We are going to do our housekeep steps which will take a little while to run. While they are running we will go back to slides and I will introduce the topics.

### Housekeeping
Before we do anything else, we are need to change our machine time to one that has a GPU. Doing computer vision tasks with a CPU, except for some specific models, is extremely slow. One of the reasons we are using Colab is that you can get free access to a GPU for the workshop.

Please:
1. Go up to the top right of the browser
2. Select "Connect"
3. Then "Change Runtime Type"
![change_runtime](assets/2_pick_GPU1.png)

4. Pick T4 GPU
5. Click Save
![pick GPU](assets/2_pick_GPU2.png)

6. When the run time connects it should look like this
![running GPU](assets/2_pick_GPU3.png)


Time to do our long running tasks
1. Load the dependencies
2. Map the drive
2. Load the data

In [None]:
!pip install fiftyone==1.4.1 torch torchvision umap-learn
from google.colab import drive
drive.mount('/content/drive')

import fiftyone as fo

name = "our-photos"
dir = "/content/drive/MyDrive/impatient-cv/flickr-labeled"

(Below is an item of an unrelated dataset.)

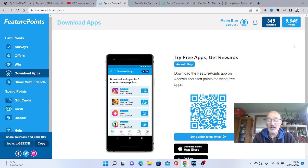And as you can see in FeaturePoints, I've just got over 5,000 points there as well, which I think 3,000 points will give me another $5. So very simple, very easy to do.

dataset = fo.Dataset.from_dir(
    dataset_dir=dir,
    dataset_type=fo.types.FiftyOneDataset,
    name=name
)

print(dataset)

## Classification

As we discussed in the slides, Classification is the computer vision task where you try to assign an image to single class out of a list of classes. We are going to use a classification model that is the foundation for many other models and is still quite powerful - ResNet. We are going to use the simplement version, ResNet18, because:

1. It doesn't require much GPU resources
2. It is fast to compute

There are many variations to ResNet where a number is appended to the name. This number usually represents the number of layers in the neural network.

### Training data

While ResNet18 has a specific architecture, to use it for predictions, the model needs to be trained on data. There are many foundational data sets in computer vision but a partciularly common one is [ImageNet](https://www.image-net.org/index.php). This dataset has 1k classes and millions of annotated images.  FiftyOne has a [dataset zoo](https://docs.voxel51.com/dataset_zoo/datasets.html) where many important computer vision datasets have been converted into FiftyOne format and are easy to download and view.

Let's go ahead and download and view a small subset of the ImageNet Data, the [ImageNet Sample Data](https://docs.voxel51.com/dataset_zoo/datasets.html#imagenet-sample)

In [None]:
1. import fiftyone.zoo as foz

imagenet_samples = foz.load_zoo_dataset("imagenet-sample")

session = fo.launch_app(imagenet_samples, auto=False)

session.url


### FiftyOne Model Zoo

The computer vision platform we have been using, FiftyOne, also has a set of models already converted into a format that works with the rest of the FiftyOne platform. Typically, you would have to use library specific code, such as PyTorch, along with other code to specify the architecture to run a computer vision model. With FiftyOne, we can load the model in one line of code,  and then run it for classification (inference) with another line of code. Two lines of code and you are in business.

#### ResNet18 in the model zoo

We are going to load the PytTorch version of [ResNet18 model](https://docs.voxel51.com/model_zoo/models.html#resnet18-imagenet-torch) that was trained on ImageNet

In [None]:
resnet18_imagenet_model = foz.load_zoo_model("resnet18-imagenet-torch")


### Predictions of our Photos

We loaded our Flickr dataset and we have loaded our classification model, time to have it predict the classifications for our images.

In [None]:
dataset.apply_model(resnet18_imagenet_model, label_field="rn18_in_predictions", progress_bar=True)

# Now let's look at the results
session.dataset = dataset